File-Sharer Asks Supreme Court To Hear Appeal
Kazaa user Jammie Thomas-Rasset is asking the Supreme Court to hear her appeal of an order requiring her to pay the record labels $220,000 for sharing 24 tracks.
She argues that the six-figure award doesn't reflect any damages that she caused the record industry. "Even if Thomas-Rasset had never used Kazaa, the 24 popular songs at issue would nonetheless have been available, for free, from other Kazaa users," she argues in her petition, filed this week by Texas attorney Kiwi Camara and Harvard Law School professor Charles Nesson. "Thomas-Rasset may have thrown one stick on the recording industry’s pyre, one stick out of tens of millions, but Napster, Kazaa, and the like were the ones who set it on fire."

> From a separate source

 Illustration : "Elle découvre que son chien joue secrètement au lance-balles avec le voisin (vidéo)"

The Thomas-Rasset case has a long, tortured history. Briefly, Thomas-Rasset was one of around 12,500 people sued by the Recording Industry Association of America during a five-year campaign targeting individual file-sharers in court. Many of the people sued resolved the cases by forking over four-figure settlements to the RIAA.

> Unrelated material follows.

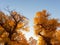 Golden populus euphratica trees with blue sky background in early morning, Ejina in the autumn.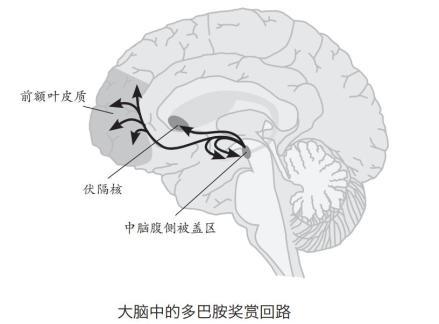 刷手机停不下来？如何拯救失控的大脑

But Thomas-Rasset bucked the trend and went to trial. Unfortunately for her, that decision didn't work out so well. In 2007, a jury found her liable for infringement and ordered her to pay $220,000, or $9,500 per work infringed. That award was later set aside, following which a second jury ordered her to pay $1.92 million.
At that point, U.S. District Court Judge Michael Davis reduced the verdict to $54,000, using a procedure called "remittitur." But the RIAA rejected the remittitur, paving the way for a third trial, solely focused on damages. That proceeding resulted in a jury verdict that Thomas-Rasset should pay $1.5 million. Davis ruled that the $1.5 million verdict was unconstitutional and cut it down to $54,000.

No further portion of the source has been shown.